Houve um tempo em que cavalo fazia a
vez de automóvel. Parece que, naquele tempo, já tínhamos problema de
estacionamento, se for para dar crédito ao dito “onde fui amarrar a minha
égua”.
Pensando bem, ao mesmo tempo em que
presto ajuda a todos aqueles desconhecedores dessa espécie animal, a dos
equinos, vejo que a expressão nada mais representa do que você, de repente,
perceber que ficou numa sinuca de bico, entrou num mato sem cachorro, deu com
os burros n’água.
Ficou sem entender? Então, vai lá:
‘onde fui amarrar a minha égua’ tem o mesmo sentido da expressão ‘iii... acabei
de fazer uma cagada!’.
Quanto aos cavalos, éguas e burros, a
preocupação procede, pois vivemos numa civilização urbana e muitos animais nos
são desconhecidos. Minha filha, por exemplo, ainda menina, ficou traumatizada e
quase teve que fazer tratamento psiquiátrico, quando viu uma vaca e ficou
sabendo que era dali que vinha o tão adorável leite de sua mamadeira. Nem quis
saber: seu leite tinha que ser o da caixinha.
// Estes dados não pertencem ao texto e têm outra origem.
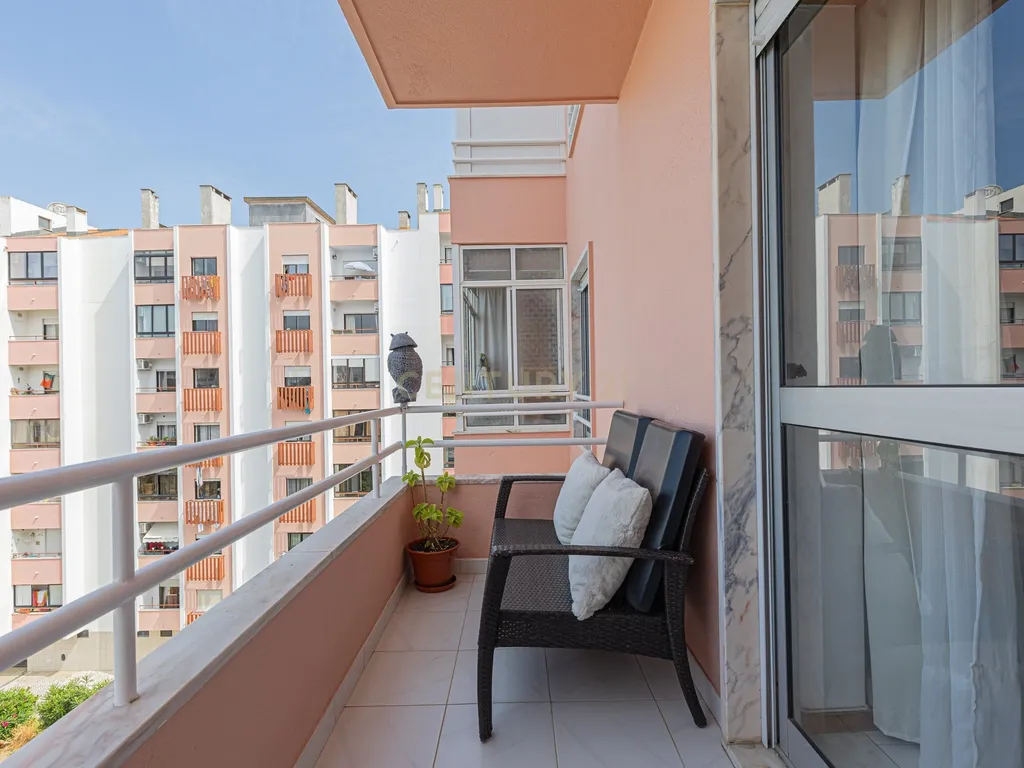 Magnífico apartamento T2 no Feijó - 1 andar com elevador - Image 2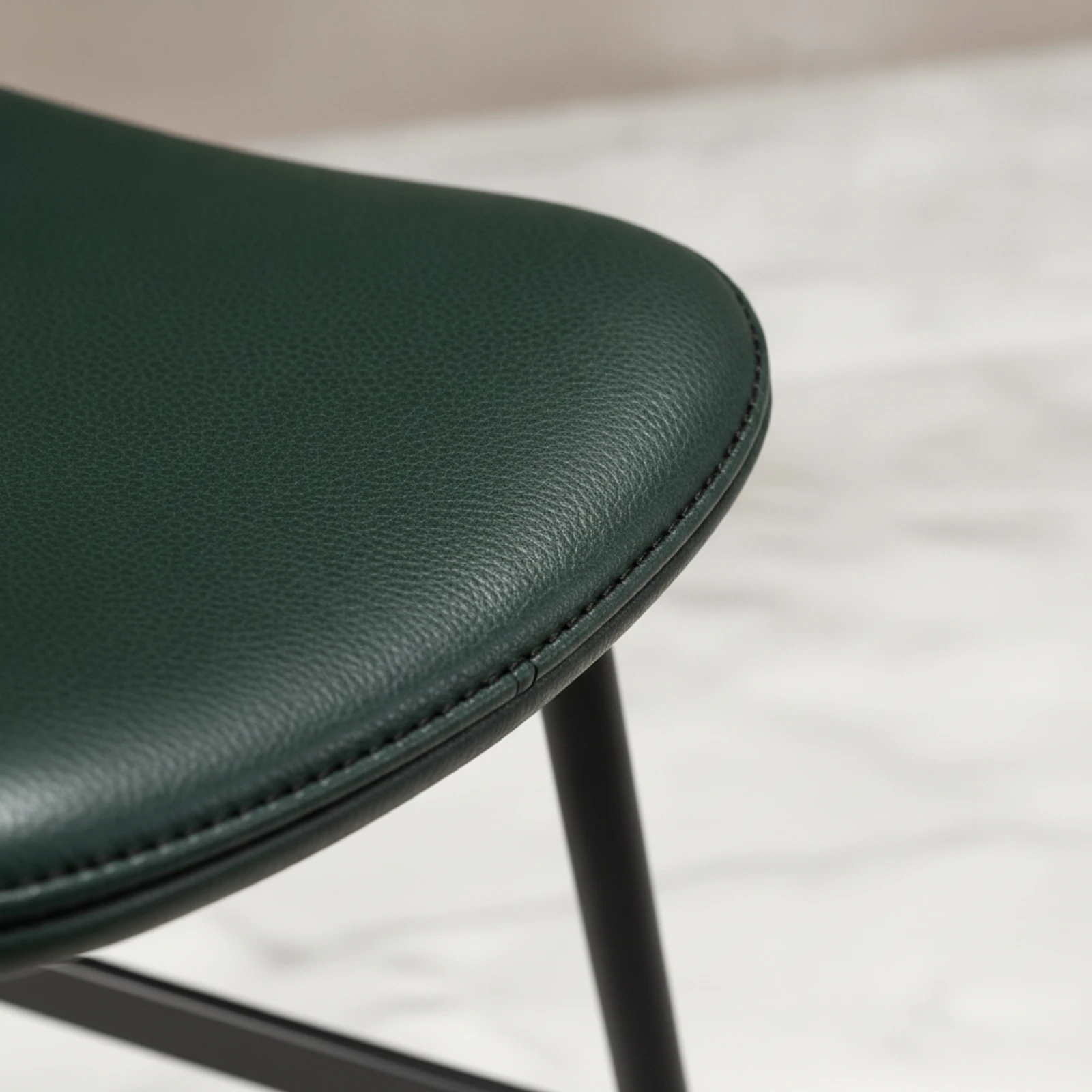 sgabello-da-bar-senza-base-oscillante-con-struttura-in-metallo-design-minimalista-e-essenziale-per-isola-cucina-caffetteria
Também tive um pretendente a
namorado que, visitando o sítio onde eu morava e tentando ser agradável com meu
pai, perguntou-lhe, apontando para um boi, como se fazia para tirar dali o
leite. Como resposta, meu pai sorriu com tamanho deboche, que meu pretendente
sumiu no mapa e nunca mais deu as caras.
Veja você como tudo deve ser
explicado com detalhes, quando uma comunicação é estabelecida entre duas
pessoas. Tenho um primo cuja adolescência foi muito perturbada. Na escola,
vivia causando dificuldades aos professores. Até o dia em que foi chamado à
sala do diretor:
- Os professores pediram para que lesse
este bilhete para você: - Celestino Faustino é um jovem autossuficiente, indiferente,
um energúmeno, tetrápode e revoltado – o diretor leu de um papel.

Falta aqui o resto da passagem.